OK. So I will admit it. I finally have a touch of inflation fever. But it’s just a touch. Sniffles.
The government reported the Consumer Price Index, the most important monthly gauge of inflation, on Friday for March and it showed that inflation is rising at the fastest pace in more than a year. On average, prices are up 2.7% in the past 12-months. But if you take the past four months alone, prices are on pace to rise nearly 6% a year. That’s the fastest jump for inflation in nearly 30 years. The last time inflation topped 6% was in 1982.
So why don’t I have a full-blown case of inflation fever? Here’s why:
The main culprit, probably unsurprisingly to anyone who drives a car, in pushing up inflation is gas prices, up an amazing 28% in the past year. Food prices were up, as well, but not nearly as much, just 2.9%. Take away food and energy, and inflation was basically non-existent in March, up just 0.1%. By that measure inflation is on pace to be up just 1.2% in the next year, which is among the lowest rates of price increases in decades.

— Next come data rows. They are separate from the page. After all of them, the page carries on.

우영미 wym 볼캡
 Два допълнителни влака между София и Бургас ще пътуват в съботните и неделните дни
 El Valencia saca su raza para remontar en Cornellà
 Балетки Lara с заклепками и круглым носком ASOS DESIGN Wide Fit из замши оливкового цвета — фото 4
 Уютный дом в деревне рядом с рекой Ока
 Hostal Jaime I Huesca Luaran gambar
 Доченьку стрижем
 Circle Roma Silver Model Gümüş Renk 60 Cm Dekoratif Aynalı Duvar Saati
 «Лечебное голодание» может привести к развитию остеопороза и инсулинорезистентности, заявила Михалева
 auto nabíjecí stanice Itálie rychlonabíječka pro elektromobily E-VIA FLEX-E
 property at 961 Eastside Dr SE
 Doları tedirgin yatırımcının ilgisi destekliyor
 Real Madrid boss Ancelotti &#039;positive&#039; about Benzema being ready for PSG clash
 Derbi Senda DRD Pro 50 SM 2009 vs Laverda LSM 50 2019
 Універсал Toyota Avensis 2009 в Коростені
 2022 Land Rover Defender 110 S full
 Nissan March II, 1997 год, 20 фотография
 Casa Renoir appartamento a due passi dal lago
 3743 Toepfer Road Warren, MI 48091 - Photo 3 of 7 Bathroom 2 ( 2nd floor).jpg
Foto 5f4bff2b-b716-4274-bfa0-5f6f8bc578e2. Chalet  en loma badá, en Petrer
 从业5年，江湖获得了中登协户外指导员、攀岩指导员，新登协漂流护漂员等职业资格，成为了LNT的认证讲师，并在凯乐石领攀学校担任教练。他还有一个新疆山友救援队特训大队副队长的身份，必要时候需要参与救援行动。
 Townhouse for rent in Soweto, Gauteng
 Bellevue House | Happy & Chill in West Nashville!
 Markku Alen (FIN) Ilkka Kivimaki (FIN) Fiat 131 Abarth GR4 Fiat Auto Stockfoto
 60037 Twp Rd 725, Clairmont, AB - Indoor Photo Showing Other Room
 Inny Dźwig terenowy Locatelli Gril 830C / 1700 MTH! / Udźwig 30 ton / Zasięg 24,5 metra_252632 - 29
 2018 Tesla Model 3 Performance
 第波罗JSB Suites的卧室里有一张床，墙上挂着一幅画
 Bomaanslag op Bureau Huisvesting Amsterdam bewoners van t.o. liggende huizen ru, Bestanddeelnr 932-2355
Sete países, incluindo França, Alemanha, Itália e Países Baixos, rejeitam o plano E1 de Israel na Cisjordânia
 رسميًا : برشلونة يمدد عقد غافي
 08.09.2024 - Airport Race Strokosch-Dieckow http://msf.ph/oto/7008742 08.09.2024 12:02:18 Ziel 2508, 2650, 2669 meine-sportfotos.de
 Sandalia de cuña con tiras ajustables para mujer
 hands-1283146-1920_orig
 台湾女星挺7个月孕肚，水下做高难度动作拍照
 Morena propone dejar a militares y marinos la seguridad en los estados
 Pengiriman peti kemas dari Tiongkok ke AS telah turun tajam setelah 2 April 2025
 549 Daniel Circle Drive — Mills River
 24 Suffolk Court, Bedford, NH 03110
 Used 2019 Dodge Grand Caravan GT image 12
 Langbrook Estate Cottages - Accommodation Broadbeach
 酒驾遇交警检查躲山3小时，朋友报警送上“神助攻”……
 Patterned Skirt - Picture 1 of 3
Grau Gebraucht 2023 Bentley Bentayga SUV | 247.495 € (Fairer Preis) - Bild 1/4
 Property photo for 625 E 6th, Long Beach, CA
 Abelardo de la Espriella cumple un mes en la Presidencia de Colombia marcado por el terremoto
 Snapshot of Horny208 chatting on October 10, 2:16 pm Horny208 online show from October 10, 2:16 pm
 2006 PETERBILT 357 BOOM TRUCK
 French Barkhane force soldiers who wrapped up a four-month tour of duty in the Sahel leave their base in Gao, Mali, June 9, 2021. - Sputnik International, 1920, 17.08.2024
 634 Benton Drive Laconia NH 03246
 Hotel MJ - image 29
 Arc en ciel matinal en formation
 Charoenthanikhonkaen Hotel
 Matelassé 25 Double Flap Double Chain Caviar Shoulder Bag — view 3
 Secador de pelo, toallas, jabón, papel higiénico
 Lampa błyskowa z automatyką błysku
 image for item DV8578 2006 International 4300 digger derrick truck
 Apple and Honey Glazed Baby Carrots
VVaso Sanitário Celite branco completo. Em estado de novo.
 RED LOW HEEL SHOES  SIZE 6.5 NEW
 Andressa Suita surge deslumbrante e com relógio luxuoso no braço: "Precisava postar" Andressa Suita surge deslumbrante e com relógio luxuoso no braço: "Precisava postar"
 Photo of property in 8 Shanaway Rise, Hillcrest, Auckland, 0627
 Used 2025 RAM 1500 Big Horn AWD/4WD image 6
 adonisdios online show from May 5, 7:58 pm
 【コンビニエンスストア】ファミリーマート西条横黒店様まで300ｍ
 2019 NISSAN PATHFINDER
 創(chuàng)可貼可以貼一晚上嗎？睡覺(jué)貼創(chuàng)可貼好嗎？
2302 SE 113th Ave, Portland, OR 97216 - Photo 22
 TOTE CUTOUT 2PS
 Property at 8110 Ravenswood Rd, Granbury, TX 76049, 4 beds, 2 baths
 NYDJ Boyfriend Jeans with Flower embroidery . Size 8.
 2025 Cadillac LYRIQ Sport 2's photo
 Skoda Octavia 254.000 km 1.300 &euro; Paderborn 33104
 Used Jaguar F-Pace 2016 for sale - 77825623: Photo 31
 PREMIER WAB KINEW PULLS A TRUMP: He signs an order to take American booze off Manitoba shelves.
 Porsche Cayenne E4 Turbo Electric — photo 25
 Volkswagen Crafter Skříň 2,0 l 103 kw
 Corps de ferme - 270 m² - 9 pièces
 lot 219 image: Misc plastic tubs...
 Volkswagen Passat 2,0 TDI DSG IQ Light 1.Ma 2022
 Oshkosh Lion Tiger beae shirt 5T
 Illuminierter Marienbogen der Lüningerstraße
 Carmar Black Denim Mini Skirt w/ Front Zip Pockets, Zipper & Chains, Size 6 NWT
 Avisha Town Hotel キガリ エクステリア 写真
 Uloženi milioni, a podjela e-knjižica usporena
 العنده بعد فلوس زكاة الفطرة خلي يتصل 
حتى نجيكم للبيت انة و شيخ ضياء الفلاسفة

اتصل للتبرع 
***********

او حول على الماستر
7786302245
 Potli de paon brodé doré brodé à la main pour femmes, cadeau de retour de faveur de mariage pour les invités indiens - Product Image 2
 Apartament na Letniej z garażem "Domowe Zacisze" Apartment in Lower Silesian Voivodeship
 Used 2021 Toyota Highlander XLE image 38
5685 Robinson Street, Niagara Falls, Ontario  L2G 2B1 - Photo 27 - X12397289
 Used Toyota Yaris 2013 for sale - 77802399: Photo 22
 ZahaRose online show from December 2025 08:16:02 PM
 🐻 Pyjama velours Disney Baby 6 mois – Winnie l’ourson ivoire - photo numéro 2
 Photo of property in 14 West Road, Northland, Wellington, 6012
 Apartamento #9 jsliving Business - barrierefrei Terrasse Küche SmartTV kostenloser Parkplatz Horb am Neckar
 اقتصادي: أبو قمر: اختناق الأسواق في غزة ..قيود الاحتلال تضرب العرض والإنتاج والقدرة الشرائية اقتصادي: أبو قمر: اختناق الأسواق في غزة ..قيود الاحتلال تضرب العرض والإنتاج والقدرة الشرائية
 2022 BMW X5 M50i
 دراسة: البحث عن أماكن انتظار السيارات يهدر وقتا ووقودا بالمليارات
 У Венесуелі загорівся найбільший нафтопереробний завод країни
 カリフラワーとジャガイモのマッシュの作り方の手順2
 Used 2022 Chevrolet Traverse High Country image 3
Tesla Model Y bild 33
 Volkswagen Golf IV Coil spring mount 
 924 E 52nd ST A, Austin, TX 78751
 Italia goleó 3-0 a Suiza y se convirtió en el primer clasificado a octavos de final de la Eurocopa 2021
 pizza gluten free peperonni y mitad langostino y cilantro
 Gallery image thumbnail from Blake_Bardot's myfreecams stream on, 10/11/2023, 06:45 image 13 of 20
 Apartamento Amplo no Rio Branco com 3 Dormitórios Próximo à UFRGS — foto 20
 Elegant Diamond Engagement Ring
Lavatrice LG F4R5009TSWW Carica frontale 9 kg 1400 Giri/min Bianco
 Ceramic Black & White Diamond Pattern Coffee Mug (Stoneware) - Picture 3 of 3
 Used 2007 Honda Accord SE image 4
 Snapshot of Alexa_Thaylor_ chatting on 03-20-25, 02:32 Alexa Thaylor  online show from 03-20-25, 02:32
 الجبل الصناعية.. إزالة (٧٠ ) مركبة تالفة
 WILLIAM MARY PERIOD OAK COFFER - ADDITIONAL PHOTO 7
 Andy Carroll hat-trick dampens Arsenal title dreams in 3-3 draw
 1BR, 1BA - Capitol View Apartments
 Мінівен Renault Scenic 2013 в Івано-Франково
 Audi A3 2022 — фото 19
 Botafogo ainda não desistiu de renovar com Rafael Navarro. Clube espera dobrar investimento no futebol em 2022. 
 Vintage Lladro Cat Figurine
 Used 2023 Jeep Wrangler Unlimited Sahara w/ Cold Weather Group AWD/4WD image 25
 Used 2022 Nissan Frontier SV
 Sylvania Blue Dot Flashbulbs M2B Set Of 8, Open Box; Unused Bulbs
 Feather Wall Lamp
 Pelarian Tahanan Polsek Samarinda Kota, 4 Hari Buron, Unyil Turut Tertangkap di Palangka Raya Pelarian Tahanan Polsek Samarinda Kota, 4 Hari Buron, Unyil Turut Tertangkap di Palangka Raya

The Federal Reserve gets routinely criticized for making its policy decisions on this later figure of inflation, which excludes food and energy and is called core inflation. The rebuke is that, yes, there’s no inflation as long as you don’t have to eat anything or drive anywhere. Actually if you buy anything that is shipped, what you pay is likely to somewhat be affected by the price of gas. The question is to what point and how long?
The Fed looks at core inflation because it’s usually a better indicator of where prices are headed. That’s why it’s fair, even though it might seem absurd that the inflation gauge the Fed favors excludes the basic things that everyone has to buy. Spikes in food and energy just don’t seem to translate into overall price increases. The reason is gas price and food price increases, at least big jumps, tend not to last that long. And when they do, overall inflation usually drops quickly.
But what if the recent rise in oil, food and commodities in general doesn’t go away anytime soon. At least for food prices, I buy the argument that a growing, richer world population could keep food prices high for some time. Oil could be the same story. Then I think we may end up having an inflation problem. Indeed, some think high gas prices are already dragging down the economy. I haven’t done it, but I would bet that if you lengthen the time period on David Leonhardt’s graph from his NY Times econ blog in the link above you would find that the inflation figure that includes gas would do a better job of predicting coming inflation in periods when energy prices are rising steadily. So the question for inflation is are we in one of those periods or not. To be sure, gas prices have risen a lot recently. But whether that rise will continue is yet to be seen.